In the first part of this post, I explore what is happening right now, and why AI will change learning design without replacing the human work at its core.
While talking about the relaunch of our Learning Design Foundation Certificate on social media, I came across a comment suggesting that people should not bother trying to become learning designers anymore. Given the advances in AI, they argued, it would be better to retrain as a plumber.

I think concerns like this are understandable. AI is changing how learning experiences are designed, developed, and delivered. But the conclusion that learning design is therefore becoming obsolete rests on a very narrow understanding of what learning designers actually do, and what we are capable of doing in an AI-supported future.

Caught between hype and reality

This is a transitional moment for our profession. Excitement, experimentation, anxiety, and genuine innovation are all happening at once. Tools are evolving more rapidly than institutional cultures, and expectations are shifting faster than job descriptions.

Many learning designers are already experimenting with AI in real projects, sometimes with impressive results, and sometimes with deeply flawed ones. Much of this experimentation sits somewhere between promise and absurdity.

AI can generate content quickly, remix ideas creatively, and accelerate production workflows. At the same time, it regularly produces outputs that look plausible but are fundamentally wrong.
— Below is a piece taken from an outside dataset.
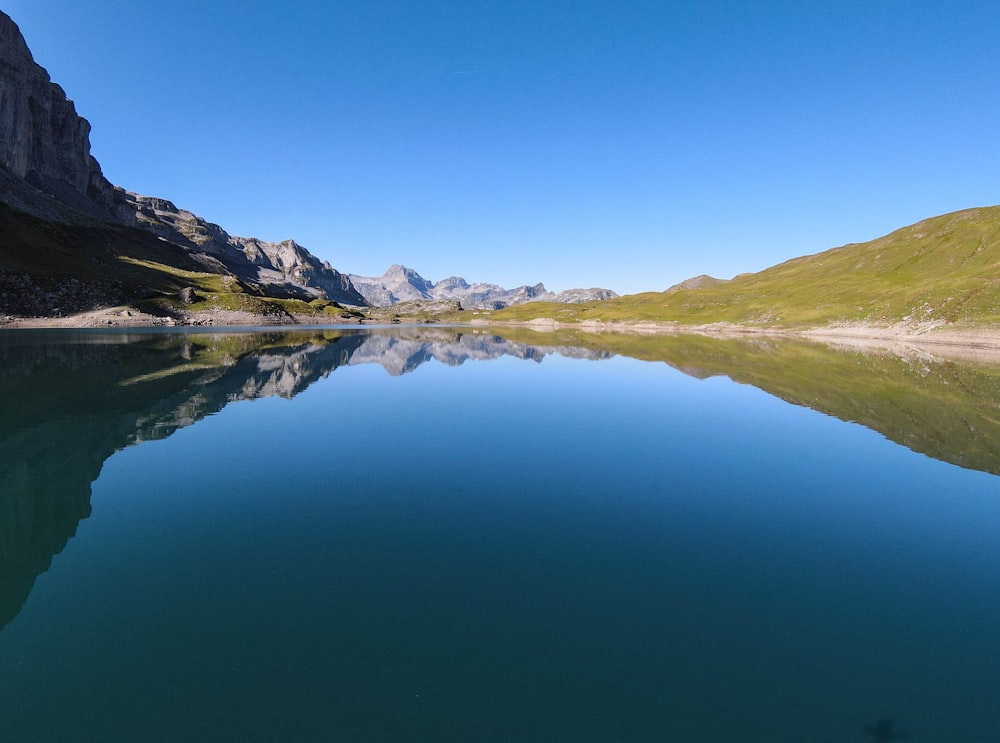 a body of water with mountains in the background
Plausible is not the same as accurate

Image generation offers a good illustration. Anyone who has tried to generate a clock face showing a specific time will have encountered the same issue. The numbers may look odd or incorrectly placed, and the hands almost always display the same aesthetically pleasing time (ten to two, or ten past ten), regardless of the prompt. This is likely because training data1 over-represents advertising imagery, where symmetry matters more than accuracy. In education and training, however, accuracy matters.

I have encountered similar issues recently when generating botanical imagery for a project. At first glance the results looked realistic, but closer inspection revealed inconsistencies that would not exist in nature. Even where accuracy was not necessary for the learning objective, those errors made the outputs unusable.
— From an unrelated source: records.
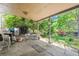 Covered patio with seating and a view of the lush backyard and surrounding greenery at 2516 S Cimarron St, Aurora, CO 80014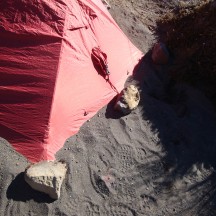 Stacking sand over the sides of the flysheet to avoid the wind turning the tent into a giant red kite.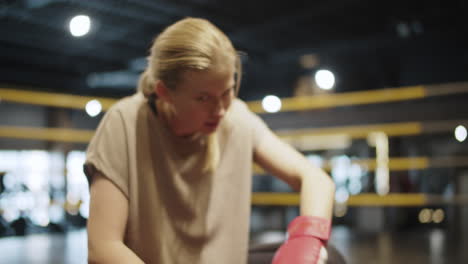 exhausted female boxer wiping sweat in sport club. fitness woman sitting at gym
Assessment design reveals the same pattern. When testing AI-generated multiple-choice questions, I have seen poor practices being emulated, such as weak or silly distractors, incorrect options being identified as correct, and even question sets where none of the answers were valid. While AI can save time, it cannot replace expert quality assurance.
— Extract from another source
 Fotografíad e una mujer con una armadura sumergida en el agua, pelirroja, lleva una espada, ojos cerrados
AI generates patterns, not understanding. It does not know what it does not know. It produces convincing outputs, not pedagogically sound ones.

For a qualified learning designer, these problems are visible. For someone under pressure, under-resourced, or lacking professional grounding, they may not be.

The real risk is not AI, but uncritical design

The greatest risk AI poses to learning design is not the replacement of people. It is the amplification of poor practice.

As with previous waves of educational technology, AI risks accelerating the production of superficially polished but pedagogically weak learning. With AI layered on top of rapid authoring tools, it is now possible to generate large volumes of content, bespoke graphics, and coherent-looking courses with minimal effort.

Without professional scrutiny, educational judgement, and ethical consideration, this becomes a false economy: an ocean of AI-generated learning that looks convincing but delivers little value (our very own flavour of AI slop).

This is not a failure of individual designers. It is a systems issue, driven by time pressure, cost-cutting, and persistent misunderstandings about the purpose and potential of learning design.

A profession with deeper roots than technology

The complex professional landscape of instructional design, learning design, or learning experience design has a long and distinguished history. Our vocation existed long before the internet, long before digital platforms, and long before learning technologies became an industry in their own right. At its heart, it has always been about people, not tools.

Instructional design has always been about creating the conditions in which learning can occur. Supporting understanding, capability, participation, and growth. Helping individuals and organisations achieve meaningful goals through intentional learning.

The digital age, and more recently the rise of AI, can make it easy to forget this. Tools come and go. Terminology shifts. Job titles proliferate. But the underlying purpose of the profession remains remarkably consistent.

Far from making learning design obsolete, AI may force a return to these foundations. It sharpens the distinction between content production and professional judgement, between automation and responsibility, between what can be generated and what must be designed.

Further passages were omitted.